I am particularly proud of what we have been able to achieve in employment. New Zealand now has the lowest rate of unemployment among OECD nations with comparable data. That is a matter of immense pride for us.
In the June quarter figures, seasonally adjusted employment rose by 11,000 to 2,065,000. The unemployment rate fell to 3.7 per cent, and the labour force participation rate rose slightly to 67.7 per cent.
The number of long-term unemployed people (those who have been unemployed for more than six months) fell by around 30 per cent over the course of last year. That is a significant reduction in a group who are at high risk of long-term benefit dependency and the attendant social problems.
Similarly, if we look at Mäori unemployment, the rate has either been falling or stable in all but one quarter since June 1999. That is great news for a community like Gisborne.

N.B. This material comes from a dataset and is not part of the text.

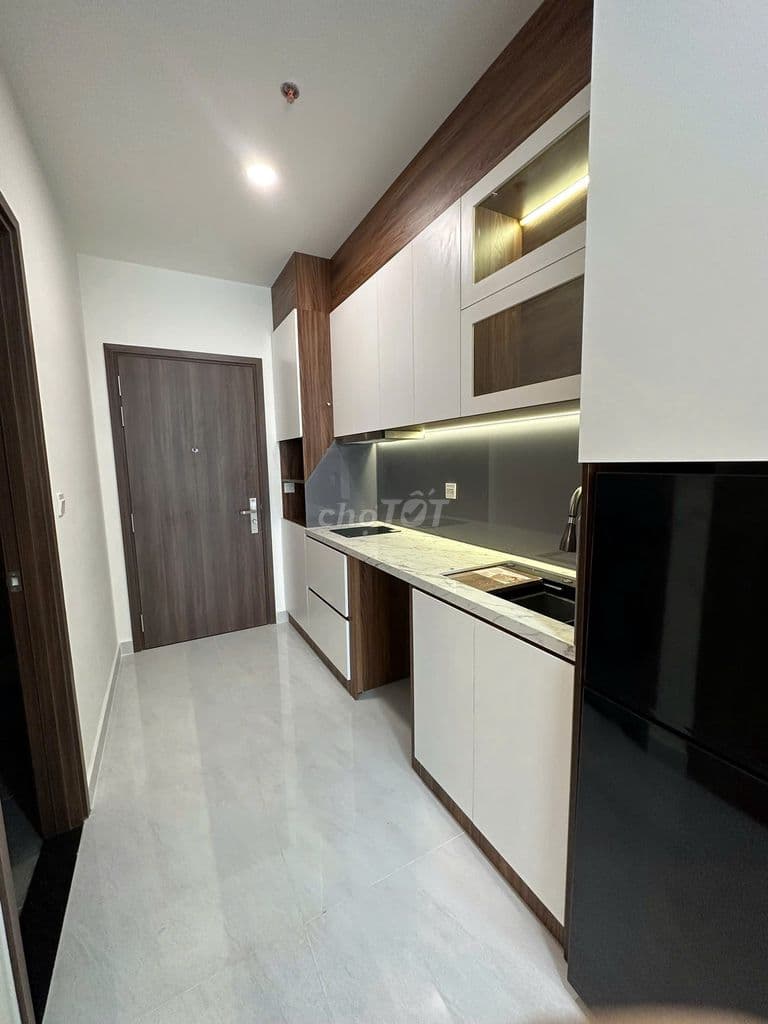 BÁN CĂN HỘ SUNRISE RIVERSIDE – 1PN 1WC – GIÁ TỐT - Ảnh 3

The bad news, however, is that, as of last week, Gisborne’s return to prosperity and a better quality of life has become disputed territory in the election campaign. What I mean is that communities like Gisborne will be the first to suffer under National’s package of massive tax cuts and its somewhat secretive programme to pay for it through higher debt and cuts in government services.
National tries to suggest that the cuts will have no impact on the services that New Zealanders value most, such as health and education. The fact is that almost 80 per cent of government spending goes on social security (including NZ Superannuation), health, education, defence and law and order. Core government spending, what one might call spending on the bureaucracy, is only 4.3 per cent of total spending.

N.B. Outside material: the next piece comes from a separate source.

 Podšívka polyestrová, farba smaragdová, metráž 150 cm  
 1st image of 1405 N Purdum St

It is inevitable that National’s spending cuts will have to attack social services like pensions, health and education. There is no alternative if they are to find the $9 billion they would need.
No-one in our regional communities should be under any illusion as to where those cuts would bite first, since the obvious way to cut public services is to centralise them in larger population centres. That means downsizing or withdrawing them from smaller communities. Similarly, the obvious way to save on infrastructure costs is to restrict funding to the major urban centres and to allow regional infrastructure to slowly slide into disrepair.
So if you are thinking of voting for National one thing I would advise you to do is upgrade your car, because you will be spending a lot of time on the road traveling to Napier or further afield to access services that Labour has restored and strengthened in the Gisborne region. And perhaps you should consider a four-wheel drive, because I can’t imagine route security on the Gisborne-Napier road will be as high a priority as under Labour.
In the 1990s National almost turned smaller centres like Gisborne into wastelands. Regional economies stagnated, roads and other infrastructure fell into disrepair, unemployment rates went through the roof, and social division and crime followed in their wake. That could happen again with a government that has overpromised on tax cuts, sparked inflation and interest rate rises and discovered that the cost of increasing public debt has shot up and even more spending has to be sacrificed.
The scenario is very different under a continuation of a Labour-led government. We have delivered stable growth, and we have taken seriously the challenge of investing in the regions. Gisborne is only one of those regions. We have also seen a turnaround in growth and confidence in places like Taranaki, Northland, and the West Coast of the South Island.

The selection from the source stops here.